Abstract
With the gradual breakdown of Dennard scaling and the slowdown of Moore’s Law, the traditional paradigm of improving performance and energy efficiency solely through transistor miniaturization has become unsustainable. To address these challenges, researchers have increasingly turned their attention to emerging computing technologies such as heterogeneous many-core architectures, chiplet-based design, and photonic computing, with the aim of sustaining efficiency and scalability of high-performance computing systems in the post-Moore era. This thesis focuses on these three architectural paradigms and investigates their acceleration potential in high-performance computing (HPC) applications.

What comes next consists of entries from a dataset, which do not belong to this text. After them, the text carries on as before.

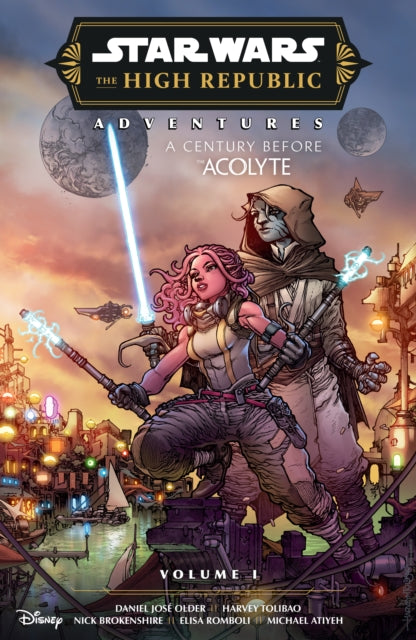 Star Wars The High Republic Adventures Phase III Volume 1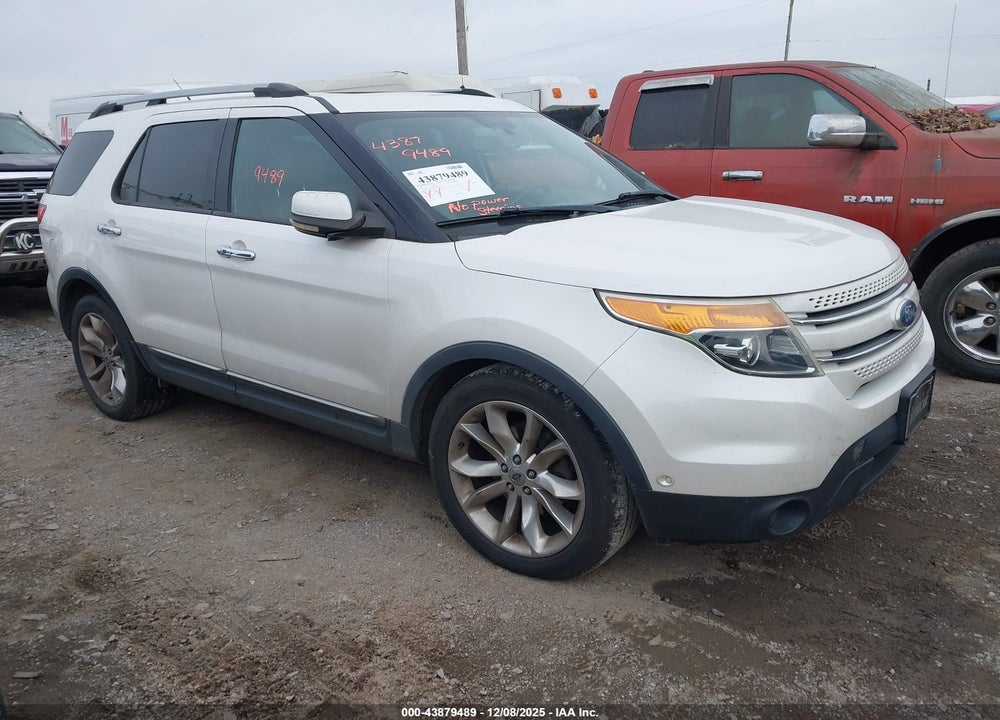 2011 FORD EXPLORER LIMITED VIN: 1FMHK8F85BGA04799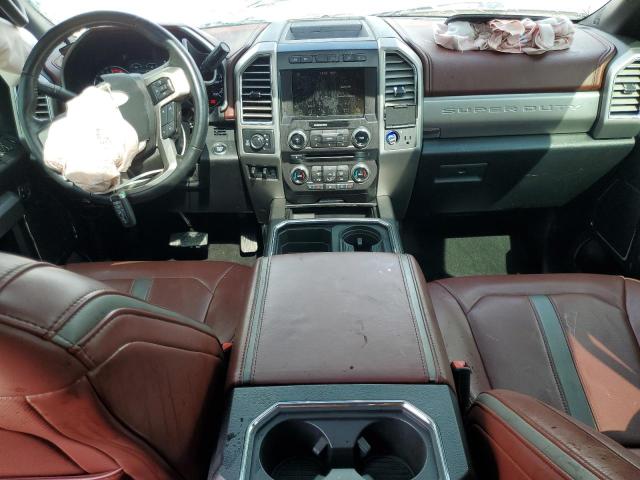 1FT7W2BT6JEB05484 - 2018 FORD F250 SUPER DUTY أبيض صورة 8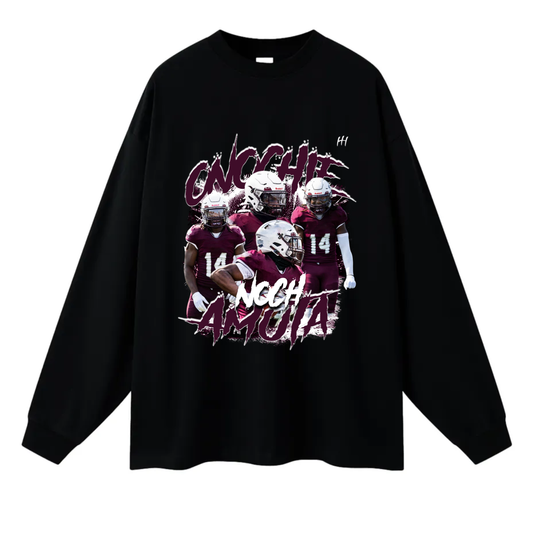Onochie Amuta Long Sleeve Tee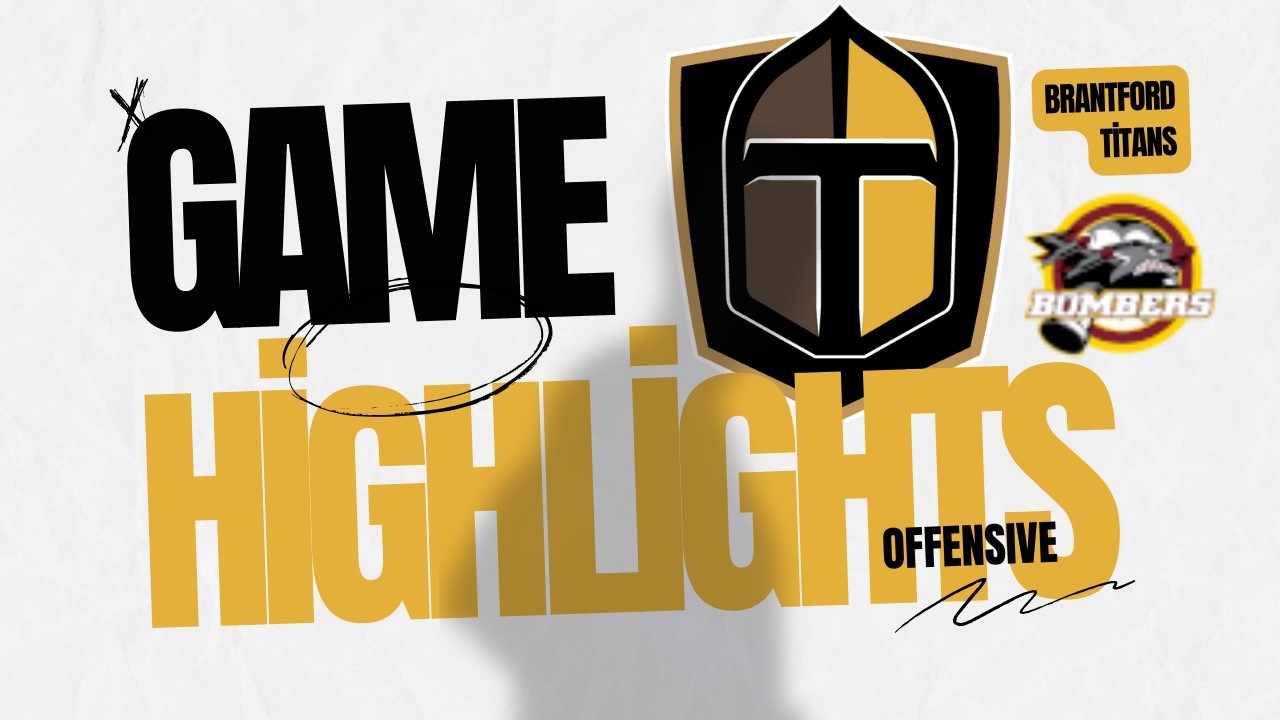Game Highlights Brantford Titans 15 VS Caledon Bombers 0  (Saturday, February 14, 2026)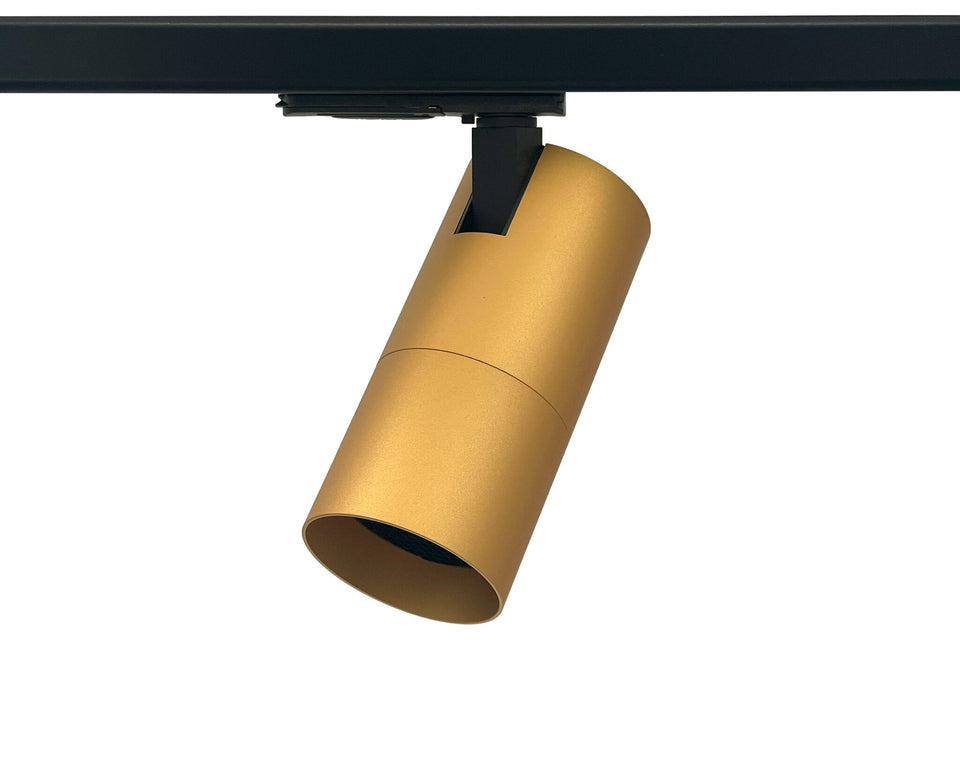 matgouden railspot voor railverlichting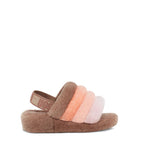 Sandales Fluff Yeah Slide - Marron - Femme - UGG - The Bradery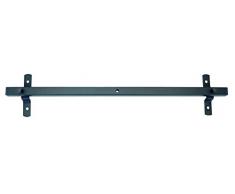 IMEX EL ZORRO 81305 - Stendibiancheria Frontale da avvitare, 550 x 20 x 20 mm
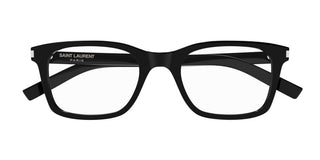 Saint Laurent SL 718 men Black Squared Eyeglasses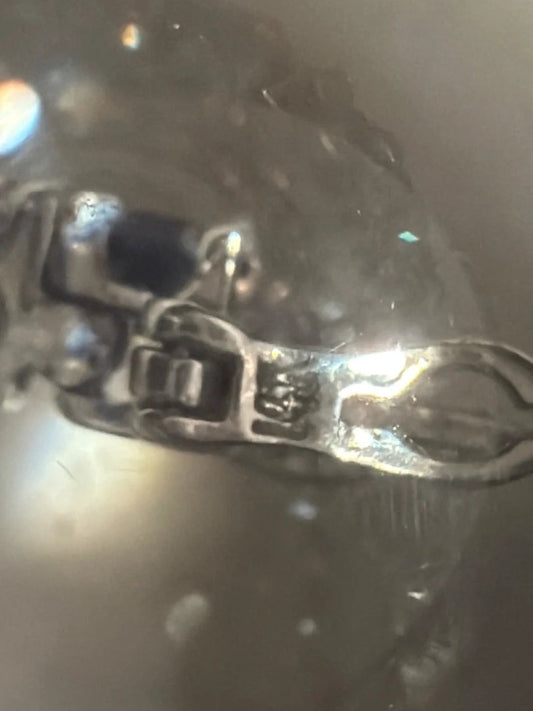 Various White Gold Tennis Bracelet – Black And White – One Size – Excellent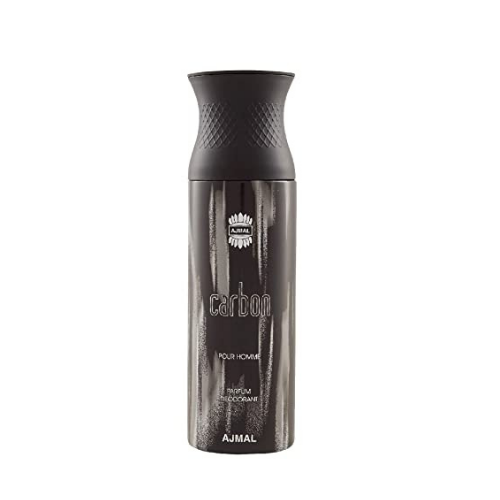 Ajmal carbon deodorant for men 200 ml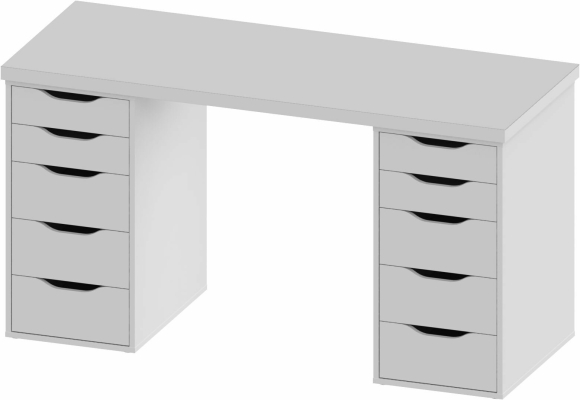 Письменный стол ikea Linnmon Alex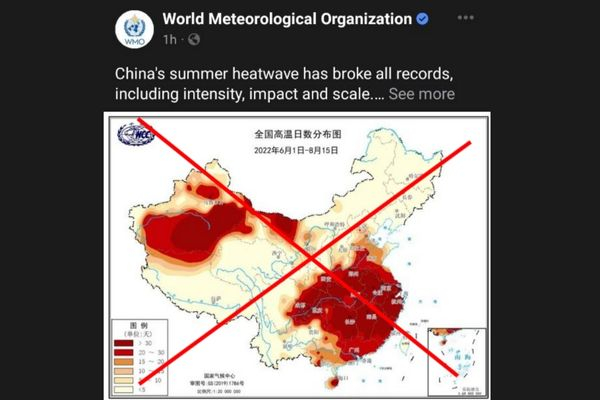 Việt Nam yêu cầu Tổ chức Khí tượng Thế giới gỡ bỏ bản đồ đường 'lưỡi bò'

The Sunway TaihuLight supercomputer, which held the title of the world’s fastest supercomputer for three consecutive years, utilises a total of 40,960 SW26010 heterogeneous many-core processors connected through a customized communication network. This thesis proposes an efficient sequence alignment algorithm, ESA, on the Sunway many-core platform for large-scale biological database searches. ESA adopts a hybrid alignment approach that combines local and global alignment, delivering higher accuracy than other sequence alignment algorithms. Additionally, ESA incorporates several optimizations, including cache-aware sequence alignment, capacity-aware load balancing, and bandwidth-aware data transfer. ESA effectively fills a critical gap in enabling efficient hybrid biological database search on the Sunway TaihuLight. Experimental results further demonstrate that the algorithm exhibits nearly linear weak scalability and outstanding strong scalability.
Chiplet technology offers a potential pathway to overcome the scalability and performance bottlenecks of monolithic GPUs; however, its performance is often constrained by the bandwidth and latency of inter-chiplet metallic interconnects. This thesis proposes SEECHIP, a scalable, energy-efficient chiplet-based GPU architecture leveraging optical links. SEECHIP introduces an innovative optical inter-chiplet network supporting both unicast and broadcast communication, achieving equivalent transmission bandwidth at both sender and receiver ends. Moreover, a customized hierarchical memory architecture is proposed, which is better suited for parallelization in compute-intensive applications.
In recent years, with the rapid advancement of Deep Neural Networks (DNNs), Application-Specific Integrated Circuits (ASICs) have been widely adopted to accelerate the training and inference of neural networks. This thesis proposes ChipAI, a chiplet-based accelerator that leverages optical interconnect technology to efficiently accelerate DNN inference tasks. ChipAI incorporates an efficient hybrid photonic network that supports effective data sharing both between and within chiplets, enhancing parallel processing capabilities. Furthermore, a flexible dataflow design is introduced, which exploits the characteristics of both the ChipAI architecture and DNN models to enable efficient architectural mapping of DNN layers.
Finally, photonic computing architectures are increasingly regarded as a key direction for overcoming the bottlenecks of conventional electronic computing. This thesis proposes ROCKET, a novel photonic accelerator based on the Residue Number System (RNS), designed to accelerate DNN training and inference. To this end, a photonic accelerator architecture that employs intensity modulators is developed to minimize the number of computational components while maximizing data reuse, and a hybrid optoelectronic pipeline dataflow is introduced to enhance both parallelism and throughput in the optoelectronic path. The feasibility of the proposed design is further demonstrated through a 4.096-GHz hybrid prototype constructed from FPGA, Radio Frequency (RF), and photonic components.